L'article premier modifie la loi du 10 juillet 1991, relative à l'aide juridique, pour transposer la directive du 27 janvier 2003 visant à améliorer l'accès à la justice dans les affaires transfrontalières par l'établissement de règles minimales communes sur l'aide judiciaire. Sont visés les litiges transfrontaliers en matière civile et commerciale. Certes, nous apprécions que l'on veuille ainsi améliorer l'accès à la justice, mais nous regrettons que la transposition introduise dans notre droit le principe de la subsidiarité du dispositif d'aide juridictionnelle au profit des contrats d'assurance. Rien ne nous y obligeait. La nouvelle rédaction est on ne peut plus claire : « L'aide juridictionnelle n'est pas accordée lorsque les frais couverts par cette aide sont pris en charge, soit au titre d'un contrat d'assurance, soit par d'autres systèmes de protection ». La subsidiarité n'est pas prévue dans la législation actuelle : et pour cause ! La question fait débat depuis le rapport Bouchet, du 10 mai 2001, qui proposait notamment de développer l'assurance de protection juridique. La question est donc tranchée, sans débat, au détour d'un texte de transposition... Certes, l'assurance responsabilité juridique existe déjà en France, mais on nous fait franchir une nouvelle étape dans la substitution progressive du marché privé de l'assurance au service public de l'aide sociale, sans que les concertations aient été menées à leur terme.
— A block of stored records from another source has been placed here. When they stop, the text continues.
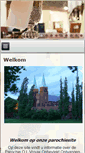 Mobile Screenshot of kerk.amstenrade.net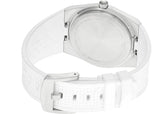 Buy Shop Tissot PRX 40 White Dial White Rubber Strap Watch For Men - T137.410.17.011.00 USA Online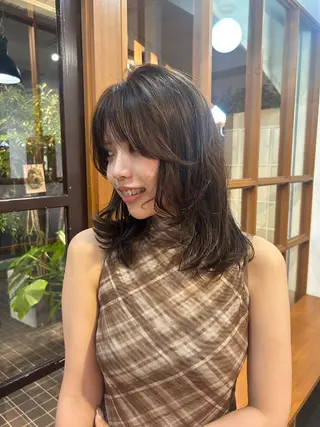 カラー ✩ジョウタロウ /垢抜け/艶カラーのヘアスタイル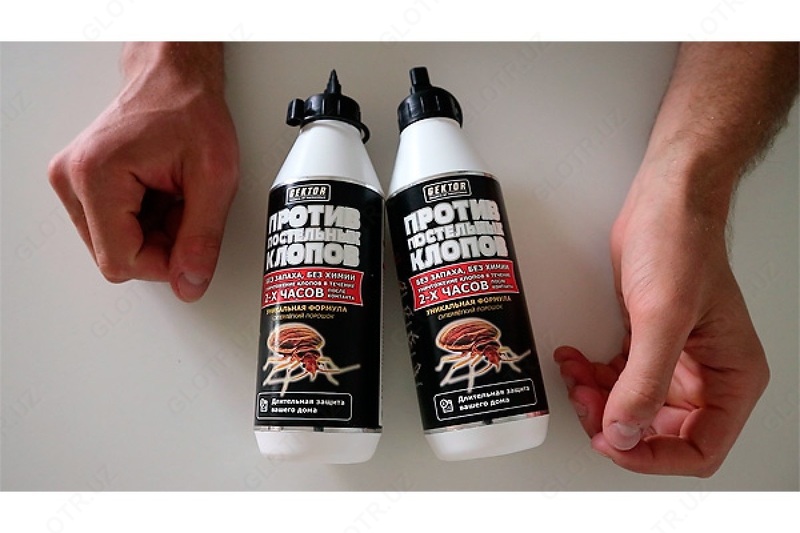 «GEKTOR» от клопов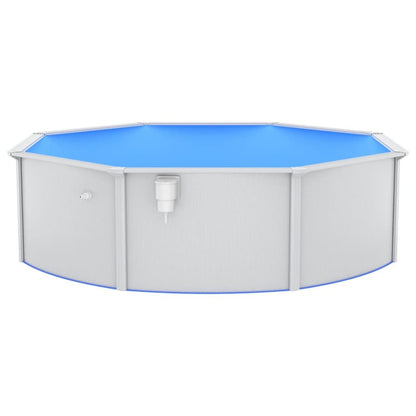 VIDAXL Piscine Avec échelle De Sécurité 460x120 Cm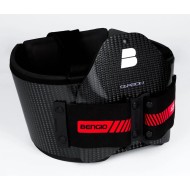 Chest Protector Homologated FIA BENGIO - AB1 CARBON, mondokart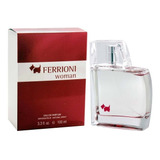  Perfume Ferrioni Woman 100ml Original Dama 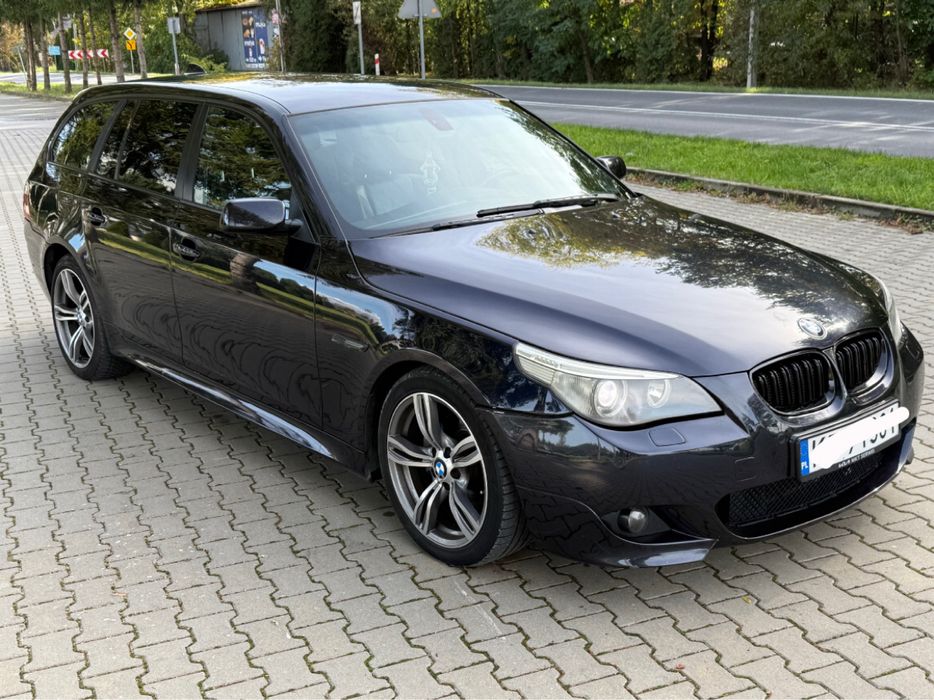 Bmw e61 535d m57 ori Mpakiet, do popraw! Nie e60, e91, e90, e92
L'article 2 transpose une décision-cadre du 6 décembre 2001 qui renforce la répression du faux monnayage. Il prévoit que les condamnations prononcées par les autres Etats membres de l'Union seront prises en compte au titre de la récidive. Cet article est donc contraire à une jurisprudence constante de la Cour de cassation, selon laquelle le premier terme de la récidive doit émaner d'une juridiction française. Ce serait d'ailleurs, selon l'exposé des motifs, pour cette raison que cette décision-cadre n'aurait pas été transposée plus tôt. Il faudra nous expliquer depuis quand une jurisprudence de la Cour de cassation peut empêcher la transposition d'un acte communautaire ! Je croyais que seule notre Constitution pouvait faire obstacle à la transposition d'un texte européen, comme ce fut le cas pour le mandat d'arrêt européen. Ceci dit, nous accueillons favorablement ces dispositions qui devraient nous permettre de lutter plus efficacement contre le faux monnayage.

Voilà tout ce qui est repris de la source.